Speech at the conference “The First Casualty? War, Truth and the Media Today”, London School of Economics, November 17, 2007. Nick Davies is an award-winning investigative reporter who writes regularly for the Guardian.

I’m not an expert on Iran or Iraq. I think I’m here partly because I’ve been a hack, a reporter, not just a journalist but a guy running around with a notebook and a pen, for an extraordinarily, ridiculously long time, but also because in the last couple of years I’ve decided to do something rather weird which is to interrogate my colleagues, which has turned into a book to be published next year called Flat Earth News.

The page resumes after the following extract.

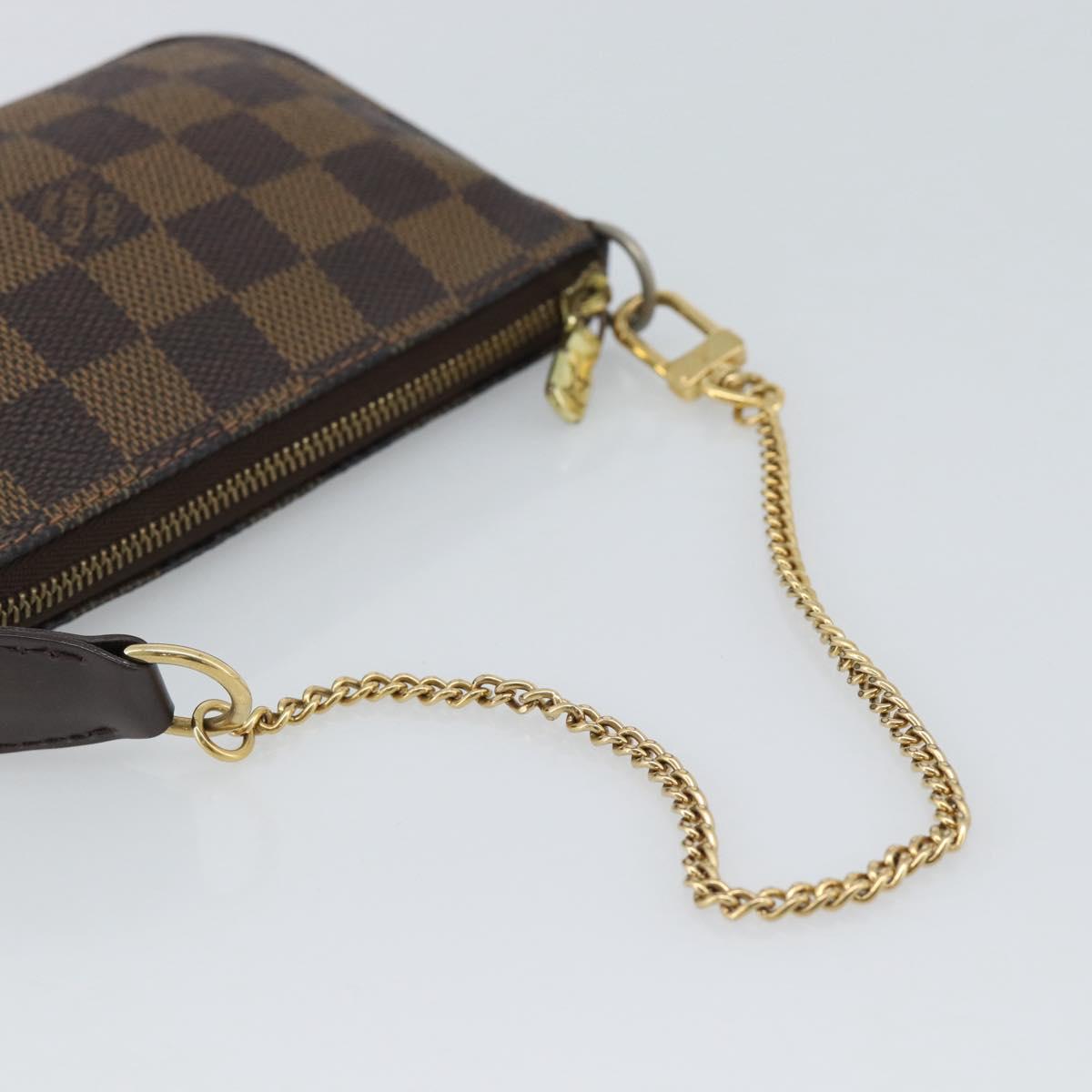 LOUIS VUITTON Damier Ebene Mini Pochette Accessoires Pouch N58009 Auth BA13778A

The reason it has that title is that for hundreds of years everyone knew the Earth was flat. Indeed it was a heresy to challenge that statement. Eventually someone, Galileo or Copernicus, bothered to check and discovered they were wrong. But if you look at the way the mass media functions today you’ll see we are riddled with “flat earth” statements.

The most notorious, deadly one of those, or collection of those, was everything we were told in the build up to the invasion of Iraq. It was that in particular which made me want to do this. What I want to try to convey is that we can’t understand what went wrong with the media in the build-up to Iraq unless we understand that what went wrong is part of a much bigger picture in which the media now routinely, consistently convey falsehood, distortion and propaganda. Although this has always happened to some extent, I want to argue that this is now happening on a far greater and destructive scale than it has done previously. Speakers in an earlier session talked about systemic weakness, and that’s what I want to try to explain to you – why we are delivering so much flat earth news.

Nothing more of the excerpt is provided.